WHAT TO PRODUCE: Drop every picture and copy exactly the lines from the one with "Rocket Espresso Limited" through the last line of the listing below.

SUPPLIED ENTRIES:
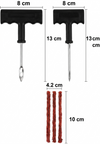 Tubeless Tyre Puncture Kit With 5 Repair Strips PS31X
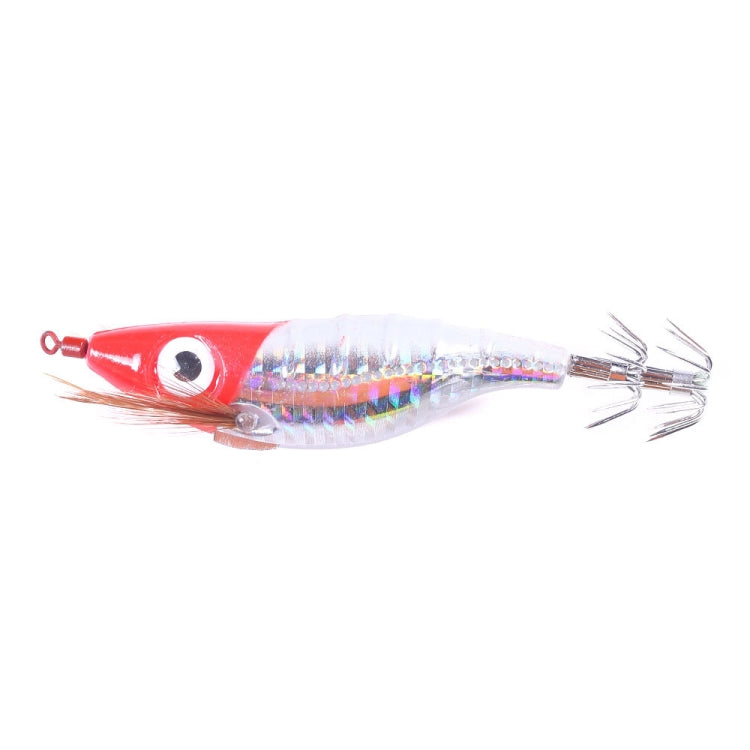 HENGJIA SJ023 Luminous Horizontal Shrimp Squid Hook Bionic Bait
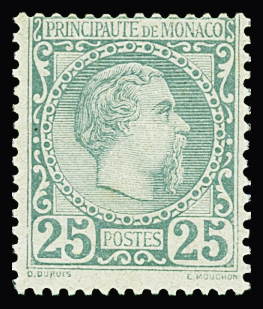 N°6 25c vert, neuf **, TB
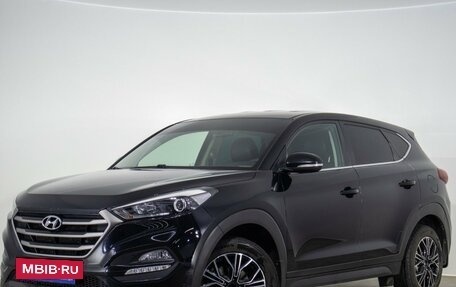 Hyundai Tucson III, 2017 год, 2 259 000 рублей, 4 фотография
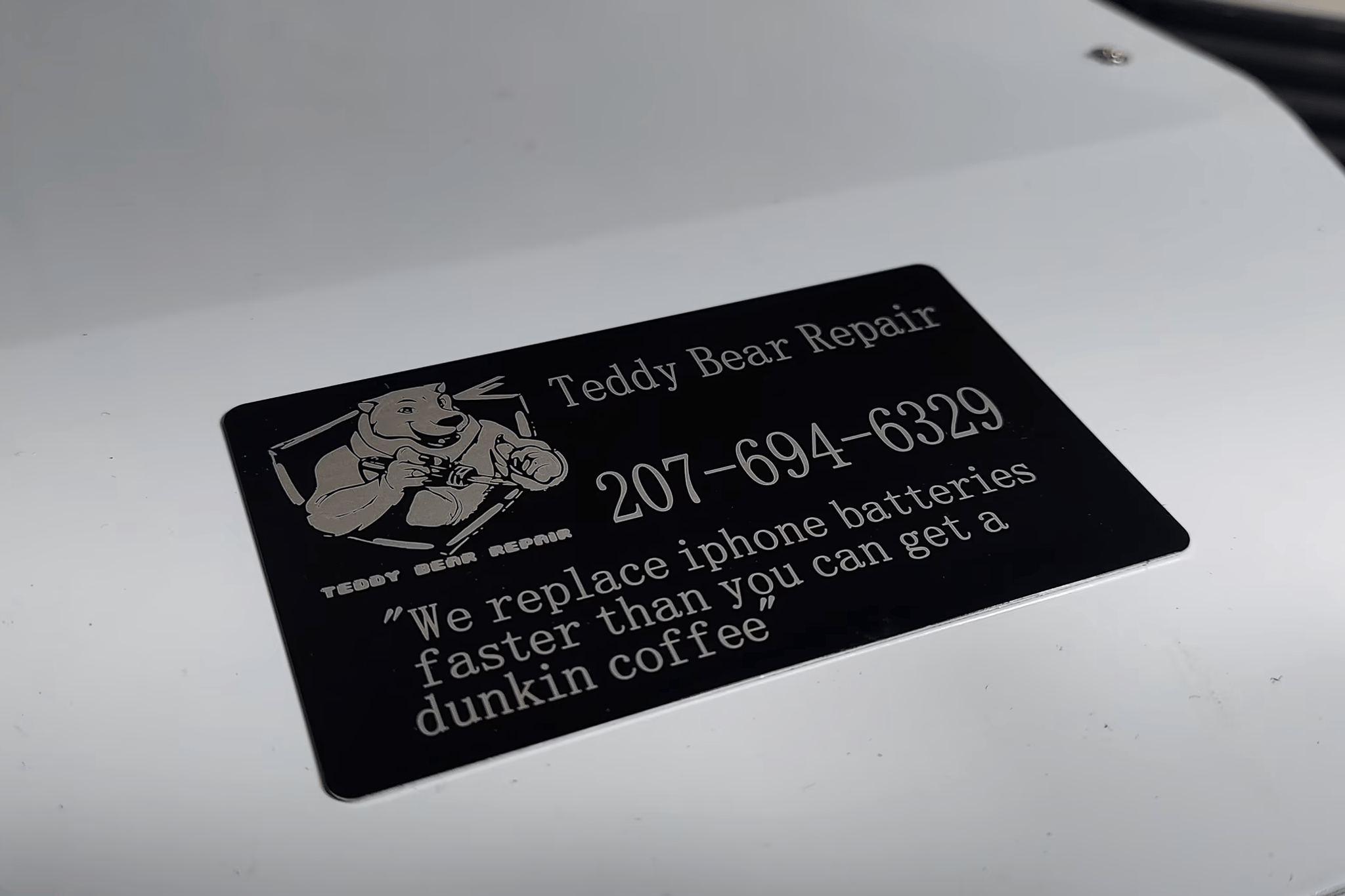 Teddy Bear Repair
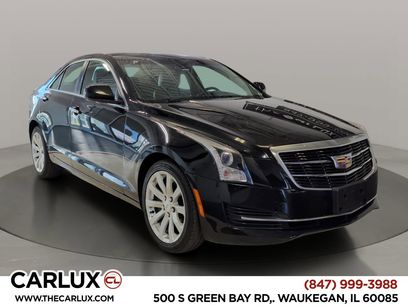 Used 2017 Cadillac ATS 2.0T AWD Sedan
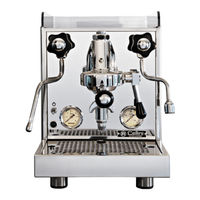Rocket Espresso Limited Rocket Cellini Instructions For Use Manual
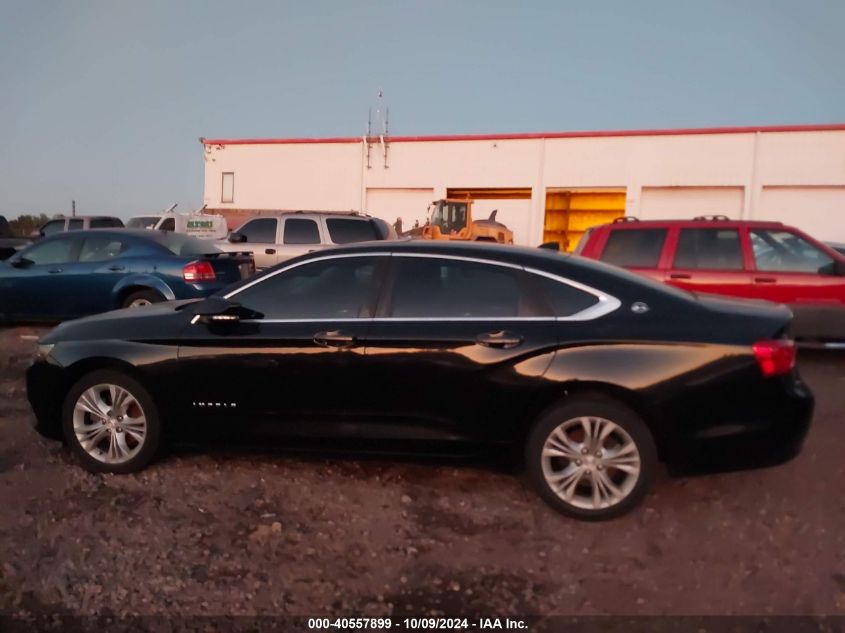 2G1125S32E9106586 2014 Chevrolet Impala 2Lt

ANSWER TO THE PROBLEM:
Rocket Espresso Limited Rocket Cellini Instructions For Use Manual
 2G1125S32E9106586 2014 Chevrolet Impala 2Lt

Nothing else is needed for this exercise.